3 Results and discussion

3.1 Microstructure

X-ray diffraction patterns reveal that the elemental powders were transformed to the Ni₃Al phase after SHS processing, as shown in Fig. 2. From the XRD pattern of the sample without extrusion, it can be seen that the B and Cr additions have not led to any changes. There is no any other phase except the Ni₃Al. However, the extrusion subsequent following the SHS exerts great influence on the microstructure. The extrusion leads to the great increase of [111] peak, which indicates that the sample has a strong tendency along [111]. In addition, it also shows that there are obvious peaks of Al₂O₃, Cr₃Ni₂ and Ni₃B phases, and moreover the peak of Al₂O₃ is strong. Such a difference should be mainly attributed to the great deformation and the short ageing time caused by the residual heat. Based on the previous research [16], the complex effect of ageing and great deformation can promote the precipitation.

Fig. 2 X-ray diffraction patterns of Ni₃Al-B-Cr alloy synthesized by SHS with and without extrusion

The microstructures of all samples prepared by SHS with and without extrusion are shown in Fig. 3. It is clear that the sample without hot extrusion still has big cavity, and has coarse and fine grains simultaneously with size from 2 to 40 μm, as shown in Fig. 3(a). Twinned Ni₃Al crystals are easy to be found in the sample without extrusion. The Al₂O₃ dispersoids segregate along the Ni₃Al grain boundary. The sample with extrusion exhibits fine and homogeneous grain size and less porosity, as shown in Fig. 3(b). Compared with the sample without extrusion, it can be found that the amount of Al₂O₃ in the sample with extrusion increases a little, and these Al₂O₃ dispersoids prefer to aggregate and distribute along the grain boundary. The origin of Al₂O₃ dispersoids can be explained by either the fracture of the oxide layer covering the original powder particles or powder oxidation during the milling process. The formation of Al₂O₃ dispersoids and their effect on the formation of a microstructure with coarse and fine grains have been explained elsewhere [12,13].
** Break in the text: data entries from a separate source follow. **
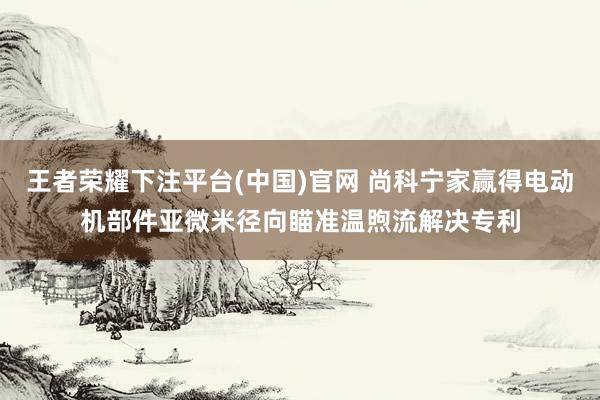 王者荣耀下注平台(中国)官网 尚科宁家赢得电动机部件亚微米径向瞄准温煦流解决专利
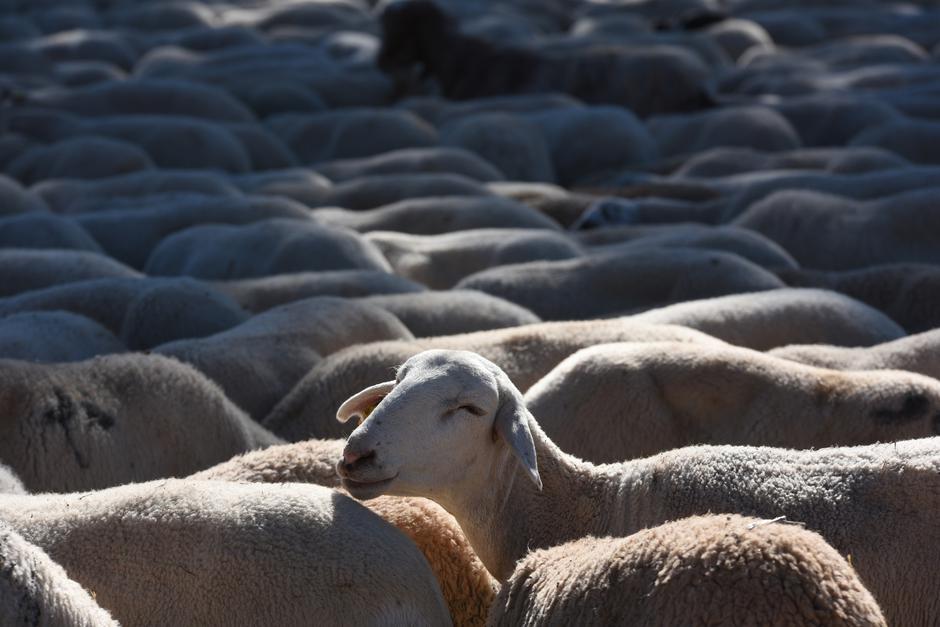 Ovca | Avtor: Profimedia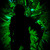 Artwork for Epic Rock - Nuclear (Epic Powerful Indie Pop)
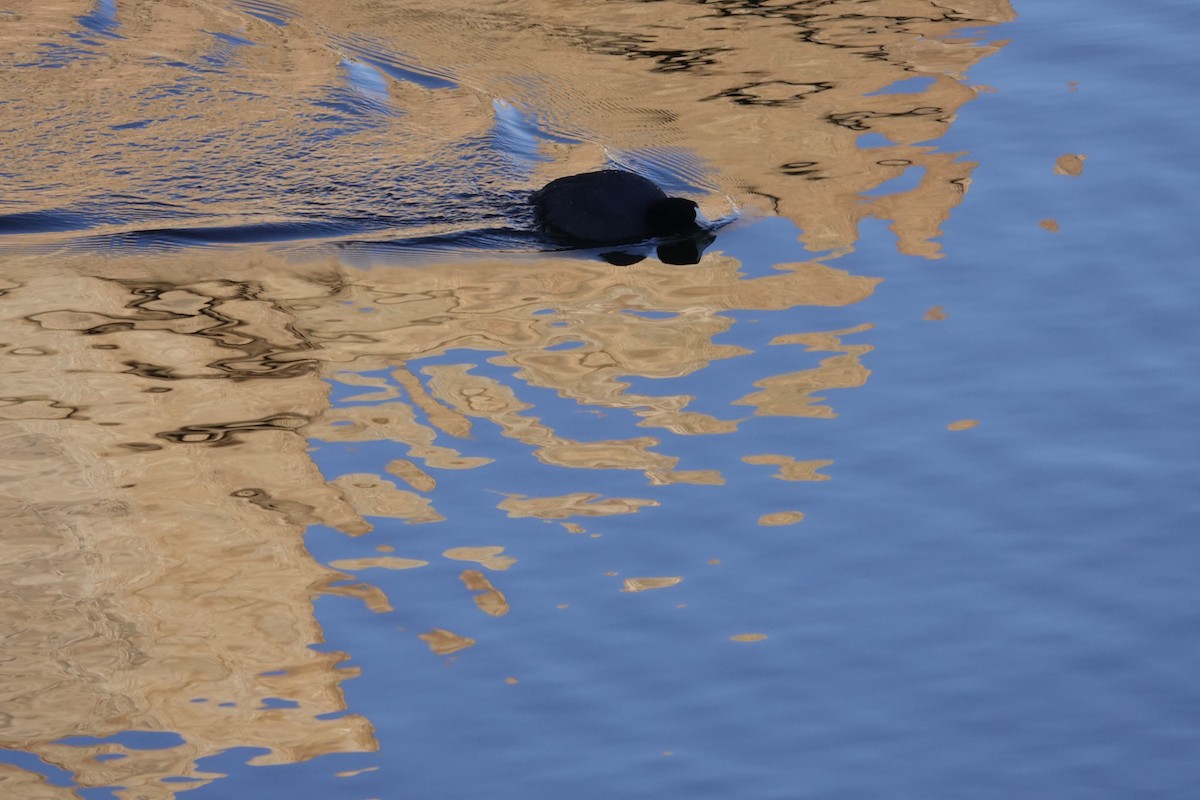 American Coot - ML647764909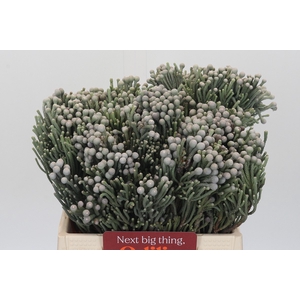 Kaaps Groen Silver Brunia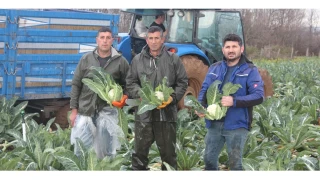 Bu vurgun çiftçileri çıldırtıyor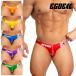 [4188]REBOOT NX PRIDE super low-rise bikini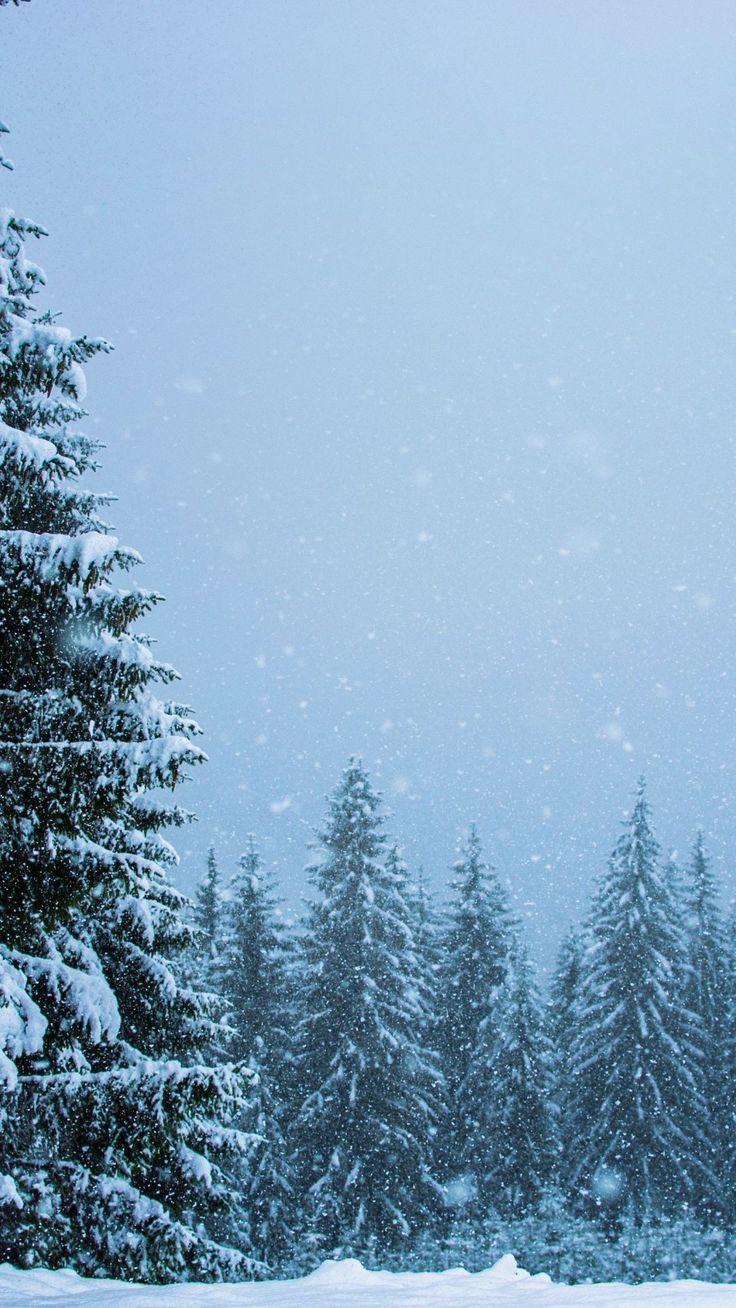736x1308 Winter Pine Trees Wallpaper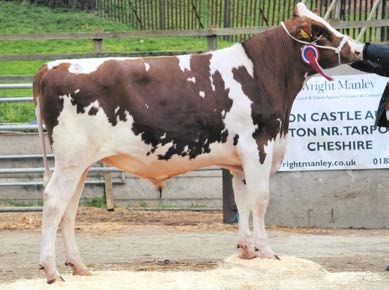 Jarní prodej býků Champion Bull Zhruba 30 plemenných býků se ročně prodá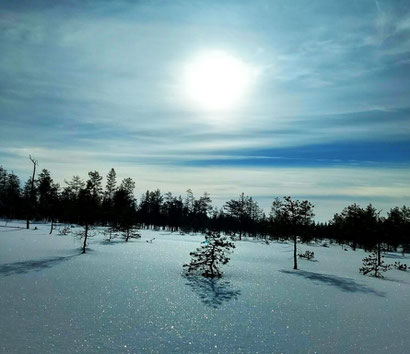 Lapland in winter - Dante Harker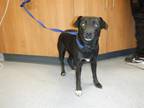 Adopt LATTE a Border Terrier, Mixed Breed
The results of TEM observations on the sample without extrusion are presented in Fig. 4. It is clear that the sample is mainly composed of Ni₃Al phase, but it still consists of other phases, as shown in Fig. 4(a). The γ-Ni phase with size of several micrometers exists in the sample, which may be ascribed to the elements segregation. Additionally, the α-Cr particles with hundreds of nanometers are observed in the Ni₃Al matrix, as shown in Fig. 4(b). Based on the recent study [17], the amount of Cr addition in the present work is less than its solubility in Ni₃Al. Therefore, the precipitation of α-Cr particles should be attributed to the relatively low cooling rate, according to the previous research [18]. In addition, the Al₂O₃ particle is observed along Ni₃Al grain boundary, as shown in Fig. 4(c). The inset selected area electron diffraction (SAED) pattern reveals that it is θ-Al₂O₃. The existence of such a metastable phase may be explained by relatively rapid synthesis process, which handicaps its transformation. The TEM observations also certify the twinned Ni₃Al crystal, as shown in Fig. 4(d). Previous research has exhibited that the annealing treatment on high-deformed Ni₃Al polycrystals can lead to the formation of twinned Ni₃Al [18]. In the present investigation, the pre-compaction can generate great stress in the sample, which may contribute to the formation of the twinned Ni₃Al.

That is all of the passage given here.